The last time I looked, I was largely unable to find any news stories about mail ballots and their rejection rates for the May primary runoff elections, with the exception of one story about Bexar County and how they were leading the field in getting rejection rates down to something akin to pre-SB1 levels. I still can’t find any stories about this, but it (finally) occurred to me that the new reconciliation reports that election officials now have to publish would contain the data I’m looking for. So with that in mind, off I went. I obviously don’t have the time to go looking everywhere, and some of those smaller county elections webpages are just awful, but I did have a look at a few places of interest.
Harris County, Democratic: 19,081 total mail ballots, of which 1,128 were rejected, for a rejection rate of 5.9%.
Harris County, Republican: 15,053 total mail ballots, of which 1,169 were rejected, for a rejection rate of 7.8%
That’s a clear improvement of the 20% rejection rate from March and the 12% rejection rate of the May special election.

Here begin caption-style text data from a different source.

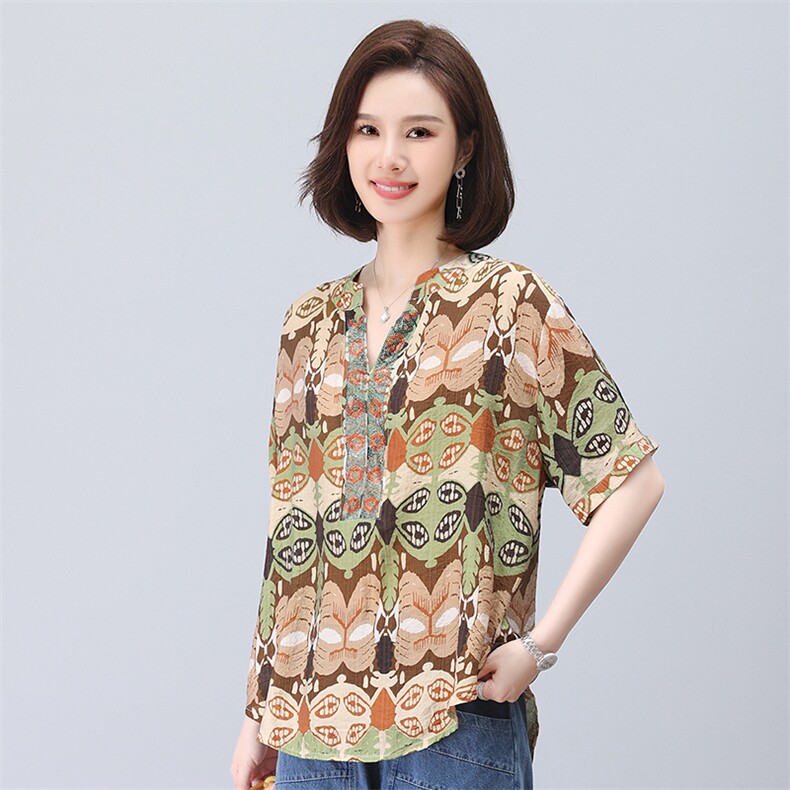 时尚宽松印花镶钻短袖上衣舒适百搭显瘦女装衬衫,女装衬衫,叶笙衣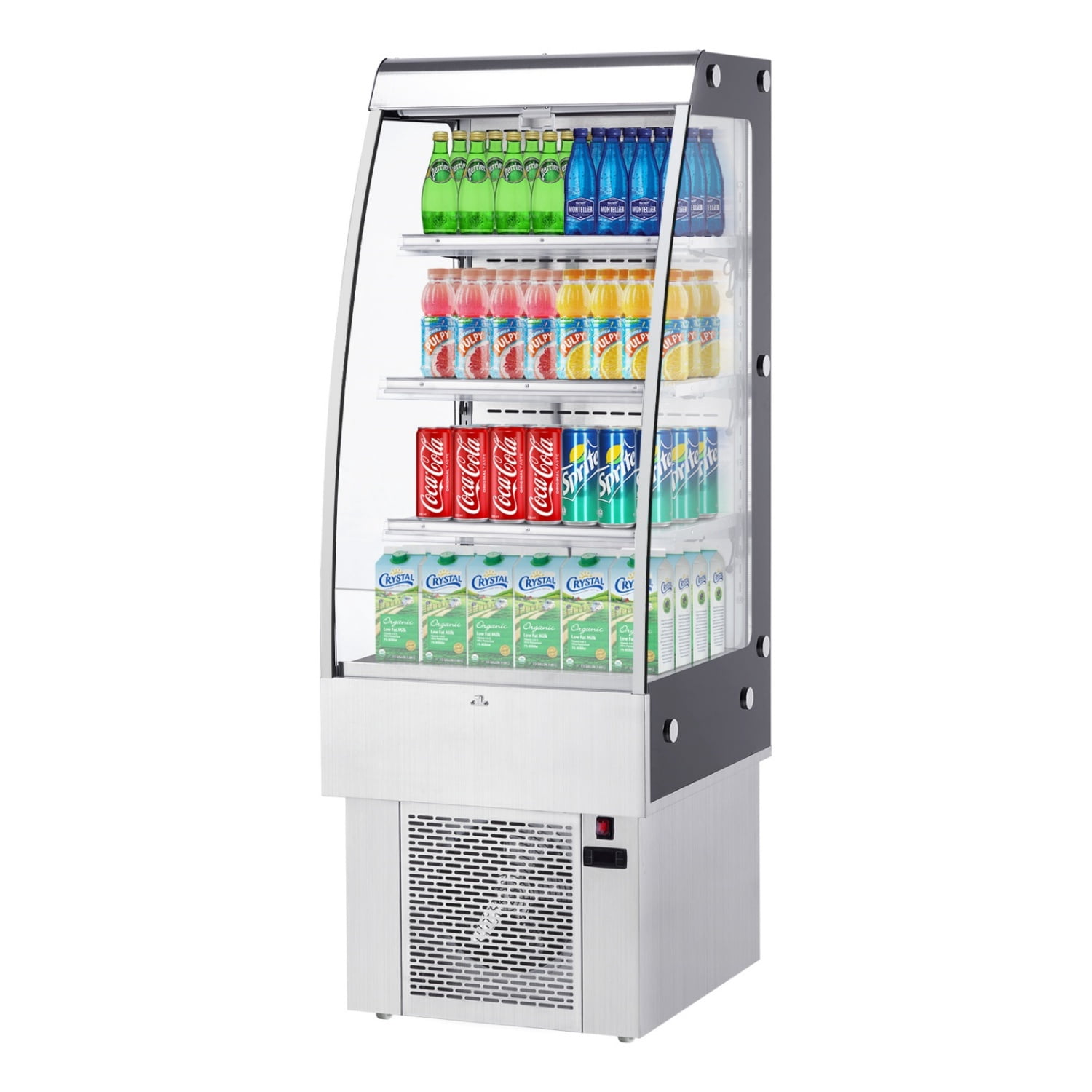 110v Commercial Fridge Cake Display Merchandiser, 8.8 Cubit Feet Beverage Cooler with Tempered Glass Door, Upright Merchandiser with 4 Castors, 3 Adjustable Shelves, Customizable Lightbox, 250L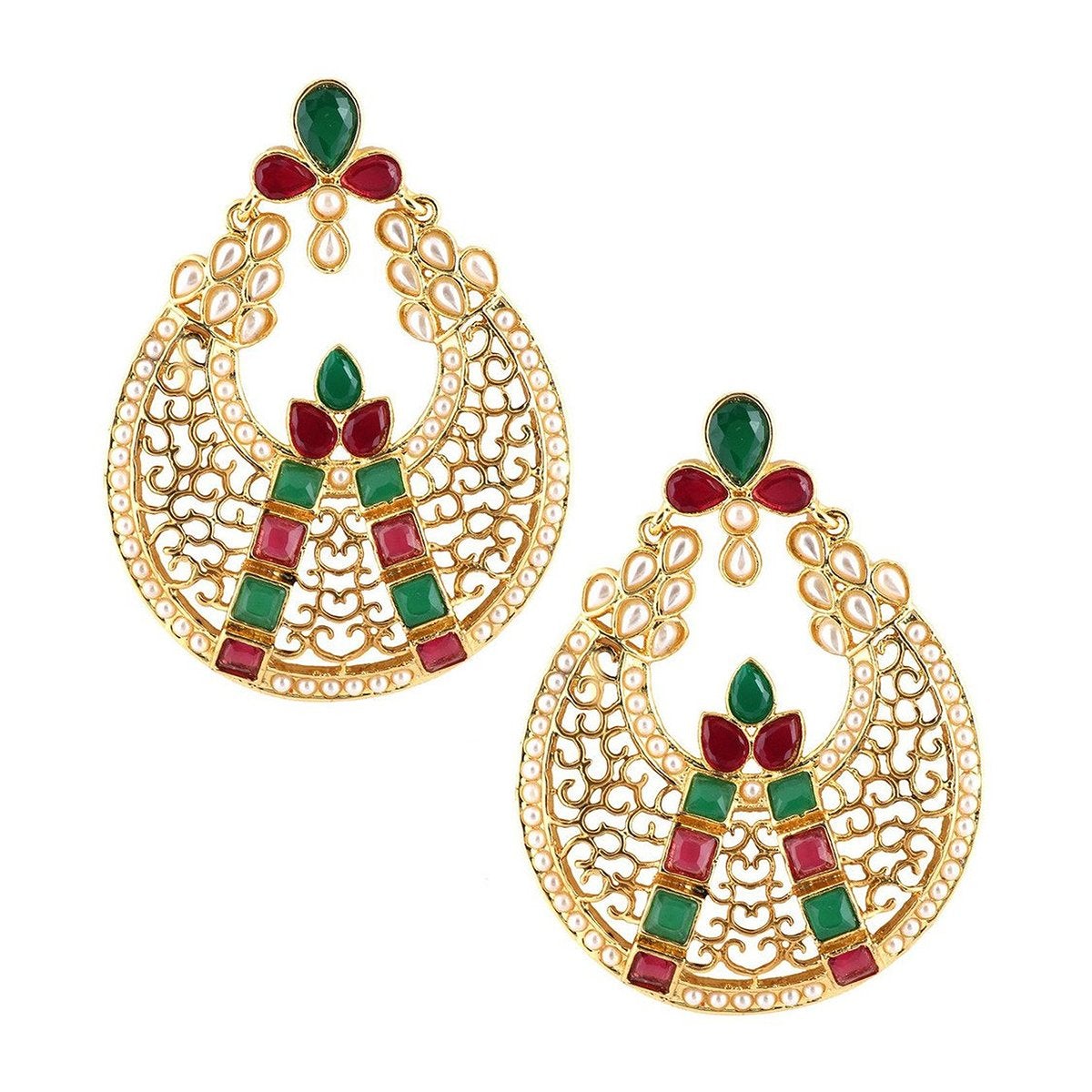 Filigree Gold Plated Red Green Chaand Bali Earring For Women Bulk Main image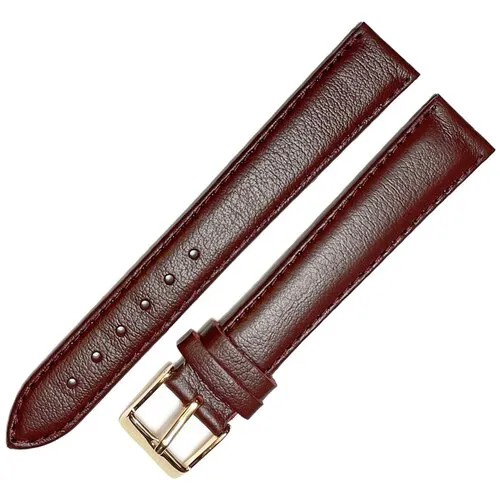 Ремешок 1805-02-1-6 Д Classic Коричневый бордовый кожаный ремень 18 мм для часов наручных длинный из кожи натуральной мужской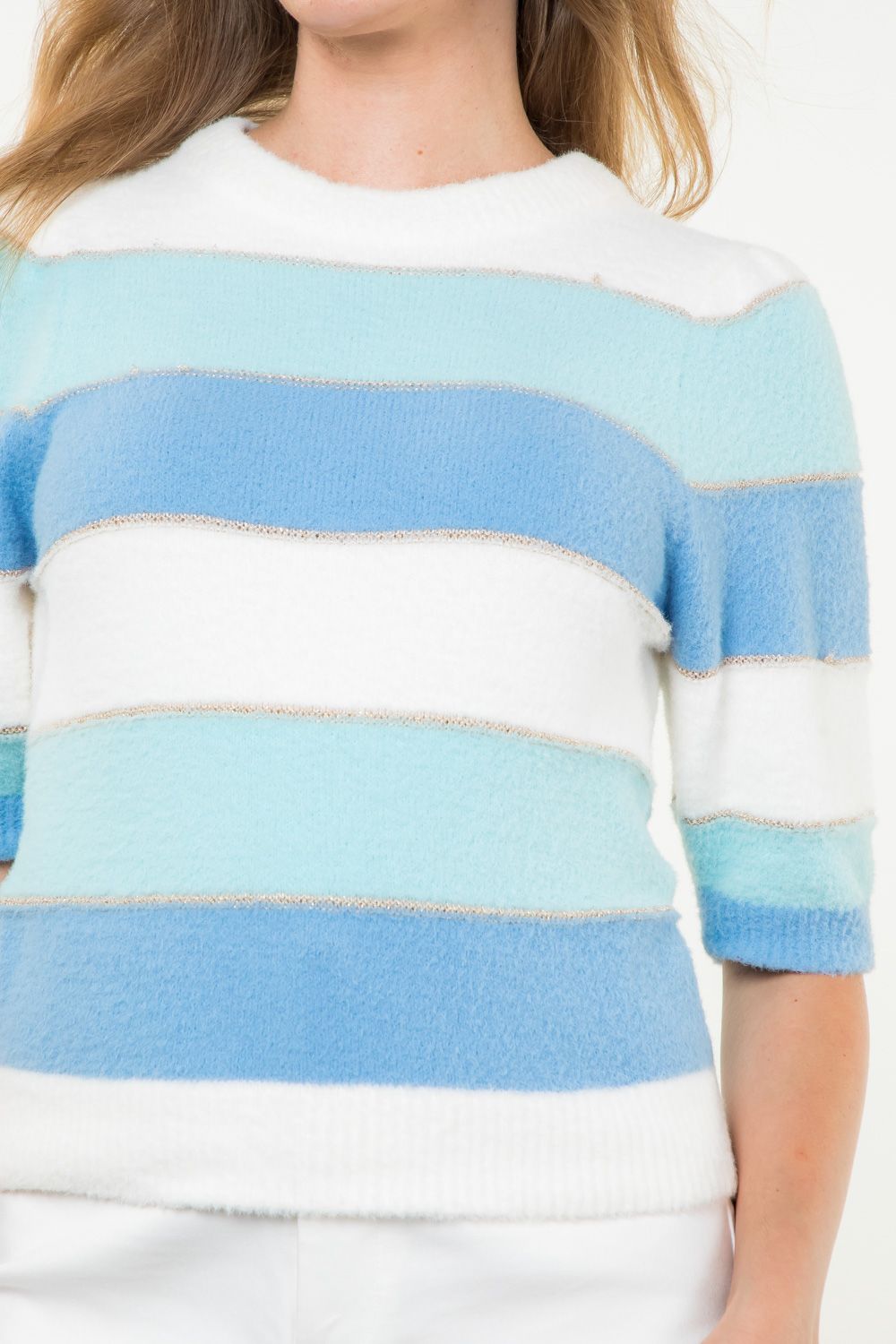 Cream &amp; Blue Sweater Top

It’s still too high, but it’s not take-your-breath-away too high. And it pleases me no end to see Republicans have a harder time with it than Democrats. It’s unlikely to be enough to matter if that’s still the case in November, but it would be a rich piece of karma if more of their votes got tossed as a result of this malicious law.
Bexar County, Democratic: 11,919 total mail ballots, of which 15 (yes, fifteen) were rejected, for a rejection rate of 0.1%.
Bexar County, Republican: 5,856 total mail ballots, of which 33 were rejected, for a rejection rate of 0.6%.
Bexar is definitely the gold standard, the example for everyone else to emulate. And Dems did better here as well. Encouraging.
Travis County, cumulative: 10,224 total mail ballots, of which 222 were rejected, for a rejection rate of 2.2%.
Not all counties broke this out by party. The overall rate is low enough here to not sweat it too much. About 75% of the mail ballots overall were Democratic, so it’s likely that the Dem rejection rate was right around 2.2% – the Republican rate could have been a lot different without affecting the total too much.
Dallas County, cumulative: 10,708 total mail ballots, of which 176 were rejected, for a rejection rate of 1.6%.
Like Travis County, but slightly fewer rejections. Dems cast a bit less than 70% of the mail ballots.
Montgomery County, cumulative: 4,366 total mail ballots, of which 25 were rejected, for a rejection rate of 0.6%.
Republicans knew what they were doing here. They were 70% of mail ballots.
Fort Bend County, cumulative: 4,382 total mail ballots, of which 187 were rejected, for a 4.3% rejection rate.
Closest one yet to Harris. About two thirds of mail ballots were Democratic. Would have been nice to see the breakdown by party here.
Cameron County, Democratic: 1,323 total mail ballots, of which 3 were rejected, for a rejection rate of 0.3%.
Cameron County, Republican: 292 total mail ballots, of which 2 were rejected, for a rejection rate of 0.7%.
So it’s clear there was a lot of improvement, and while Harris did a much better job there’s room for us to do better as well. It’s also important to remember that there are still a huge number of people who have not yet tried to vote by mail, so there’s no guarantee that the improvements will continue or be maintained. There’s still a lot of work to be done. But at least it looks like that work will have a payoff.
(PS – Not all counties had the reconciliation reports in a place that I could find. I looked for them for El Paso and Tarrant and came up empty. Might have just been me, but maybe their site design needs some work.)